NY Times: Morgenson — Guess What Got Lost in the Loan Pool?

FAIR GAME

Guess What Got Lost in the Loan Pool?

By GRETCHEN MORGENSON

Published: February 28, 2009

WE are all learning, to our deep distress, how the perpetual pursuit of profits drove so many of the bad decisions that financial institutions made during the mortgage mania.

But while investors tally the losses that were generated by loose lending so far, the impact of another lax practice is only beginning to be seen. That is the big banks’ minimalist approach to meeting legal requirements — bookkeeping matters, really — when pooling thousands of loans into securitization trusts.

Stated simply, the notes that underlie mortgages placed in securitization trusts must be assigned to those trusts soon after the firms create them. And any transfers of these notes must also be recorded.

But this seems not to have been a priority with many big banks. The result is that bankruptcy judges are finding that institutions claiming to hold the notes that back specific mortgages often cannot prove it.

On Feb. 11, a circuit court judge in Miami-Dade County in Florida set aside a judgment against Ana L. Fernandez, a borrower whose home had been foreclosed and repurchased on Jan. 21 by Chevy Chase Bank, the institution claiming to hold the note. But the bank had been unable to produce evidence that the original lender had assigned the note, which was in the amount of $225,000, to Chevy Chase.

With the sale set aside, Ms. Fernandez remains in the home. “We believe this loan was never assigned,” said Ray Garcia, the lawyer in Miami who represented the borrower. Now, he said, it is up to whoever can produce the underlying note to litigate the case. The statute of limitations on such a matter runs for five years, he said.
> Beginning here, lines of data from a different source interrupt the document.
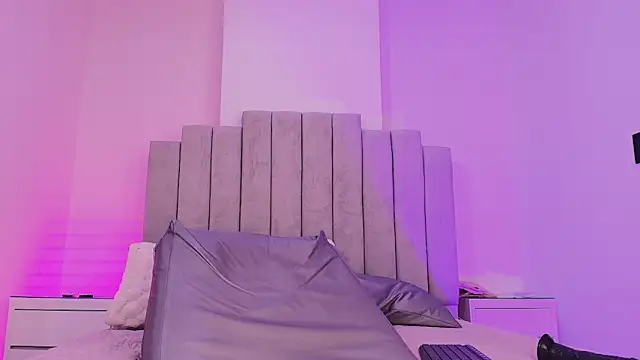 alana_lopezz's cam snapshot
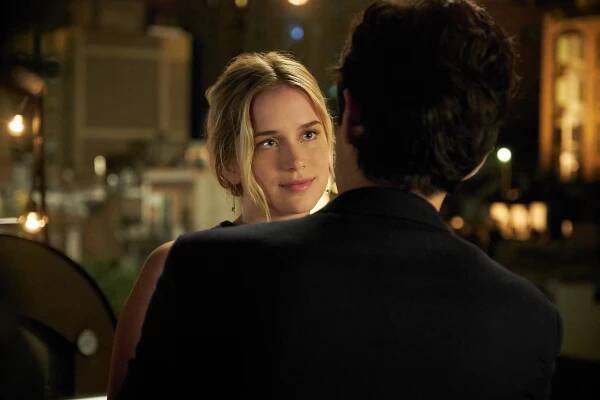 TY - Poslední fajn kluk v New Yorku - Z filmu - Elizabeth Lail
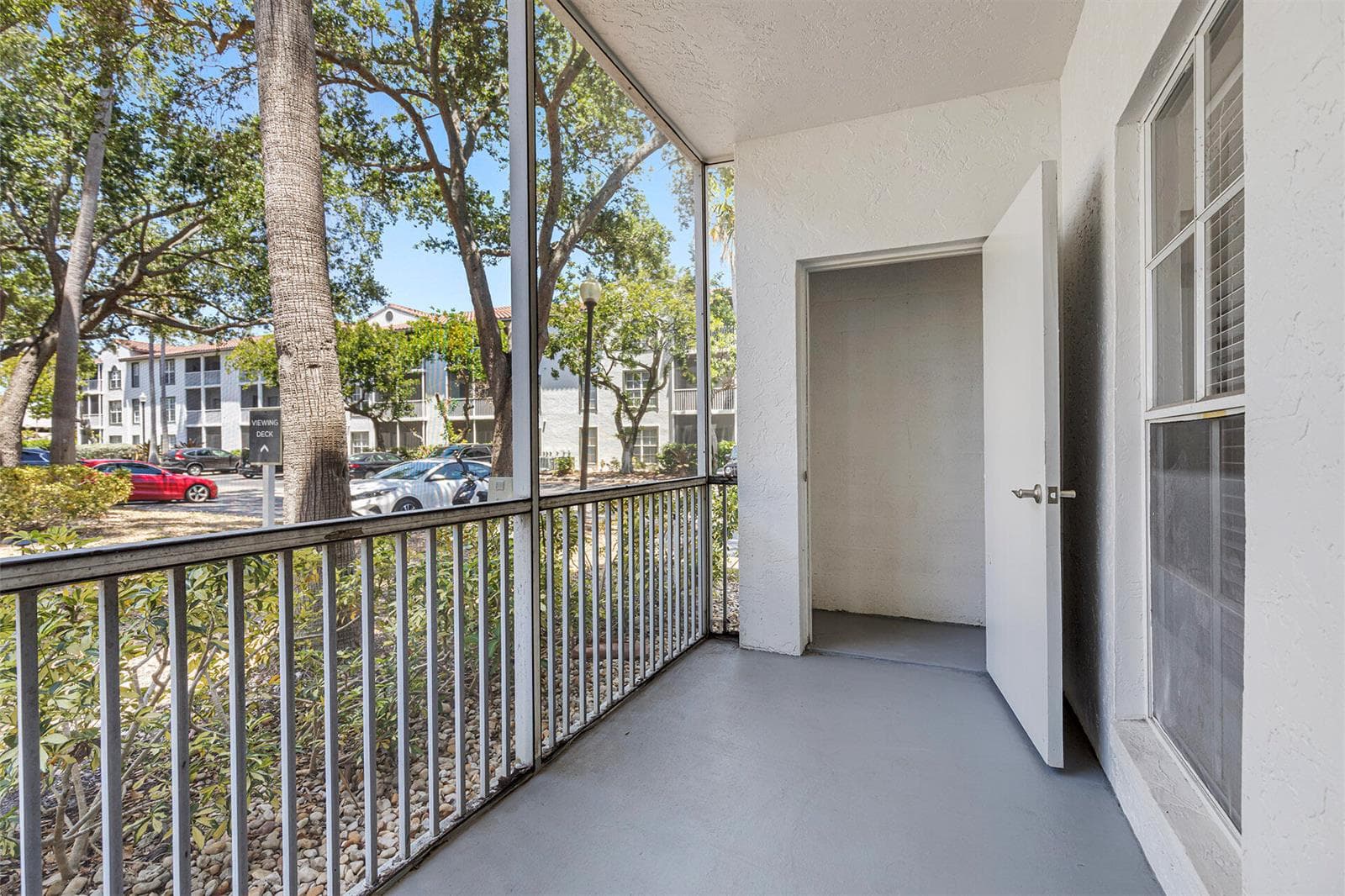 17900 NE 31st Court 1109 photo 22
A spokeswoman for Capital One, which is in the process of acquiring Chevy Chase, did not return a phone call on Friday seeking comment.

Mr. Garcia has another case in which a borrower tried to sell his home but could not because the note underlying a $60,000 second mortgage cannot be found. The statute of limitations on the matter will expire in October, he said, and if the note holder has not come forward by then, the borrower will be free of his obligation on the second mortgage.

No one knows how many loans went into securitization trusts with defective documentation. But as messes go, this one has, ahem, potential. According to Inside Mortgage Finance, some eight million nonprime mortgages were put into securities pools in 2005 and 2006 and sold to investors. The value of these loans was $797 billion in 2005 and $815 billion in 2006.

If notes underlying even some of these mortgages were improperly assigned or lost, that will surely complicate pending legislation intended to allow bankruptcy judges to modify mortgage terms for troubled borrowers. A so-called cram-down provision in the law would let judges reduce the size of a loan, forcing whoever holds the security interest in it to take a loss.

But if the holder of the note is in doubt, how can these loans be modified?

Bookkeeping is such a bore, especially when there are billions to be made shoveling loans into trusts like coal into the Titanic’s boilers. You can imagine the thought process: Assigning notes takes time and costs money, why bother? Who’s going to ask for proof of ownership of these notes anyhow?

But as the Fernandez case and others indicate, bankruptcy judges across the country are increasingly asking these pesky questions. Two judges in California — one in state court, another in federal court — issued temporary restraining orders last month stopping foreclosures because proper documentation was not produced by lenders or their representatives. And in another California case, a borrower’s lawyer was awarded $8,800 in attorney’s fees relating to costs spent litigating against a lender that could not prove it had the right to foreclose.

California cases are especially interesting because foreclosures in that state can be conducted without the oversight of a judge. Borrowers who do not have a lawyer representing them can be turned out of their homes in four months.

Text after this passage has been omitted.